Amid last week’s flurry of rainbow flag Instagram posts in celebration of global Pride Day festivities, users may have noticed another ubiquitous emblem on their social media accounts.
Celebrities and fashion icons alike were seen wearing crisp white T-shirts emblazoned with a rainbow “Be” across the front, part of the “Be Proud” effort led by Baja East, an emerging New York-based fashion brand. All proceeds from the shirts — which retail at $95 and have been worn by Miley Cryus, Leandra Medine, Willow Smith and Haim — go directly to Equality Florida’s Pulse Victims Fund. The hashtag #bajaeast has been tagged on Instagram more than 4,600 times to date, and the official Baja East page has continued to share posts of notable figures wearing the shirts to its more than 24.5 thousand followers.

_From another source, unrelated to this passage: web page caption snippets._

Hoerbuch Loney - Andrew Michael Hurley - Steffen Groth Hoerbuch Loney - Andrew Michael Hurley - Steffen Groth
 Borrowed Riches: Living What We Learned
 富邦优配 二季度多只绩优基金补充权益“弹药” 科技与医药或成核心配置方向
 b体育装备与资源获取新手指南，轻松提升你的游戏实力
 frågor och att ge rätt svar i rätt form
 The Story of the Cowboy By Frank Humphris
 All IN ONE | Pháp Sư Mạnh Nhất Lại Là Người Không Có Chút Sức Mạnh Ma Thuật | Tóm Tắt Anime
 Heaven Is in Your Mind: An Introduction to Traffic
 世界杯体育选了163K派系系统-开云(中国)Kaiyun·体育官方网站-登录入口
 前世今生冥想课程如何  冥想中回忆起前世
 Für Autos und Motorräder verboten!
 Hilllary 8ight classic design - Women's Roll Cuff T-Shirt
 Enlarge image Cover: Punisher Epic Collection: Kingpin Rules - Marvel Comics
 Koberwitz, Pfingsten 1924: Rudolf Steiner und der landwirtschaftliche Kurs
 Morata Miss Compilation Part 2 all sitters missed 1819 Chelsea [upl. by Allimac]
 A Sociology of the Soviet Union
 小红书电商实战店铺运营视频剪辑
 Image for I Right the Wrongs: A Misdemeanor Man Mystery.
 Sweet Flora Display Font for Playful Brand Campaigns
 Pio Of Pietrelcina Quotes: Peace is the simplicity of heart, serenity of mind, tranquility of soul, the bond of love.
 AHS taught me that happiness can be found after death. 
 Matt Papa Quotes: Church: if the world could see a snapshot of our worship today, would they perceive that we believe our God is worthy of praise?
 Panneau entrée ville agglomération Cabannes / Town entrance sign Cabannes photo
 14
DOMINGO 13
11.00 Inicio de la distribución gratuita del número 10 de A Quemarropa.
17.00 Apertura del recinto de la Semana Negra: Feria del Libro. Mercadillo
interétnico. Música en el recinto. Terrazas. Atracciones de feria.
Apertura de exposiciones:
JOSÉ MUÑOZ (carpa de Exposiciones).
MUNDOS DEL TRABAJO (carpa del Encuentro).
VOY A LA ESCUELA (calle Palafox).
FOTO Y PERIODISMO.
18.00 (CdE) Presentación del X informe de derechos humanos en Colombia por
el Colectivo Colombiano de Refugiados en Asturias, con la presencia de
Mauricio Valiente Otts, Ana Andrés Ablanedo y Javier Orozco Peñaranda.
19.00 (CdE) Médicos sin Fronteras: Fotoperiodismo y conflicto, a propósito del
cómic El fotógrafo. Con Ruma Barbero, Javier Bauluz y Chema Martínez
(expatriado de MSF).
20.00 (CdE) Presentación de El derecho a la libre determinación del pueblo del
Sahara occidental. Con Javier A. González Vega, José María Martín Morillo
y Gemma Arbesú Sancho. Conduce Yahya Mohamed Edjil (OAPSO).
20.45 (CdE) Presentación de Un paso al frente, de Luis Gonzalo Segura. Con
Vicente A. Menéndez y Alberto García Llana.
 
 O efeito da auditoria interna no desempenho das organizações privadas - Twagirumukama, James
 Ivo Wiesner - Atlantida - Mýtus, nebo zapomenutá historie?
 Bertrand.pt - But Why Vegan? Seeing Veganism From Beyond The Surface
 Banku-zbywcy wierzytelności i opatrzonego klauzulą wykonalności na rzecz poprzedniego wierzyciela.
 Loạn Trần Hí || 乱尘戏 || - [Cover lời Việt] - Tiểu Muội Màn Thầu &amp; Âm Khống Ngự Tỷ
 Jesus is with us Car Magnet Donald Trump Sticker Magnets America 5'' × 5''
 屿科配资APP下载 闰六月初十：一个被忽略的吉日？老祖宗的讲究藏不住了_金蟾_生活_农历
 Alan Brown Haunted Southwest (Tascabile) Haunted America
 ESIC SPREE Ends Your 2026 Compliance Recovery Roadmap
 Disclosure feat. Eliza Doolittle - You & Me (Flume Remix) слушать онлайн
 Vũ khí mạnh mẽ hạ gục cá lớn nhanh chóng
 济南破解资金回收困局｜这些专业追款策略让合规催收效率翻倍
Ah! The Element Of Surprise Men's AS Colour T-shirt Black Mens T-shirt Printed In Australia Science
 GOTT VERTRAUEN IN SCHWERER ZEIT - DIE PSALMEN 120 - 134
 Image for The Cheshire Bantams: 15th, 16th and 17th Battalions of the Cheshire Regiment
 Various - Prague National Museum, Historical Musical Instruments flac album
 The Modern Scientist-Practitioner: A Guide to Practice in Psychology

THANK YOU FOR STANDING w/ us @tarajiphenson!!! 🙌🏽❤️🌈✌🏽️#BEproud [all proceeds from this tee to benefit Equality Florida for the Pulse Victims Fund – link in profile to purchase] #bajaeast #tarajiphenson
Baja East was a finalist in the Council of Fashion Designers of America Vogue Fashion Fund initiative in fall 2015, a collaborative program designed to support burgeoning fashion designers. CFDA president Steven Kolb showed his support for the “Be Proud” effort, posting a photo to Instagram from the organization’s official account on Saturday wearing the shirt and linking to the company in the caption.
A photo posted by cfda (@cfda) on
Baja East first launched its “Be” logo during its fall 2015 campaign, and saw the brand’s initials as a natural jumping point for “Be Proud.” Founders Scott Studenberg and John Targon, both openly gay, said that as members of the LGBT community they felt could make a meaningful statement with the shirts regarding the effect of the Pulse nightclub shooting.
“We were obviously very impacted by the events that happened that night, and the fact that it could be any night out for us,” Targon said.
Targon noted that Baja East had widespread support throughout the entire process, from conceptualization to printing and sales. Though the shirts launched just last week, the manufacturer, Rule, Inc., was so receptive to helping with the shirts that they lowered their costs and gave a portion of their printing fees as a donation to the effort
“It became an idea of how we can help support our community, along with all of our straight allies and all these people around us that touch our lives, that actually help spread the word and drive support,” Targon said.
While they were unable to share total proceeds at this time, they said they plan to continue selling the shirts until they sell out and may embark upon a second round of printing.